Crit-bit Tree in Coq

This is a formally verified Coq implementation of (very simplified) crit-bit trees as described in Adam Langley's notes and D.J. Bernstein's notes. We also referenced QP tries for further inspiration as well.

Context

This is an INCOMPLETE project, which is a part of my (@tchomphoochan) UROP at MIT in Spring 2023. Unfortunately, because of changes in my priorities, I was not able to complete the implementation and verification. I am leaving the code base open sourced in case it may be useful to anyone (or if someone else ever continues the project). Below is an explanation of how things have been implemented so far. This project was supervised by @samuelgruetter.

Quick summary of simplified crit-bit tree

Crit-bit tree implements the map/dictionary interface.

The tree consists of two types of nodes, internal nodes, and leaf nodes. Internal node contains an index of the "critical bit" and pointers to left and right trees. Leaf node contains a key-value pair. The critical bit tells you, essentially, an important information to distinguish whether a key-value pair should be found in the left sub-tree or the right subtree. A key is an infinite list of zeros and ones.

For example, consider a tree representing this map:

00101 -> 5 (leaf node A)
01100 -> 7 (leaf node B)
01111 -> 10 (leaf node C)

The tree will look like this:

To search for a key in the tree, we start from the root node. The node tells you the index of the "critical bit." That critical bit tells you if you should go left or right. Repeat until you get to the leaf node. Verify, at the leaf node, that the node's key matches what you're looking for.

Suppose you are searching for 01111. The first node tells you to look at index 1, which is a 1, so you go right. The next node tells you to look at index 3, which is a 1, so you go right. We have reached final node (C). Notice that we have not looked at index 0, 2, or 4 at all. Crit-bit tree allows you to check only as many bits as needed to distinguish between the existing keys. This, however, means, you have to store the full key in (C) to verify that it is indeed the key 01111, not any key in the form of ?1?1?.

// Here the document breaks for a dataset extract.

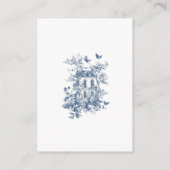 Blue Toile De Jouy QR Code Wedding Details Begleitkarte (Rückseite)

In Coq, lookup implements this search algorithm. It makes use find_best which is the described tree-walking algorithm. find_best is split into a helper function because it is useful for other operations too.

You can see more examples in the Examples section in Coq.

Key representation

An astute reader may notice that this structure is incapable of representing this map:

0 -> A
00 -> B

Because there is no critical bit to distinguish between the two! ...Unless we have some sort of "last bit" marker, which is very ugly. (Since that would mean three possibilities rather than two possibilities for each position in the key.)

So, we have decided that a key is conceptually an infinite list of zeros and ones. In Coq, we represent such an infinite list as a finite list that must end with a 1 (see valid_key). Infinite zeros are implied to follow that final 1.

This means 0 and 00 are both invalid keys! If they were, they would represent the same key 00000000000....

valid_key defines a checker for this.

diff lets you find the first critical bit among two keys. The implementation of diff is a bit tricky because we have to account for these implied infinite zeros at the end.

Lexicographic order

Another thing to notice. It is useful to maintain that the indices are increasing as you traverse the tree from root to any leaf. This keeps the leaves essentially sorted, allowing for convenient operations like finding the next key in the lexicographic order or iterating through all sorted keys.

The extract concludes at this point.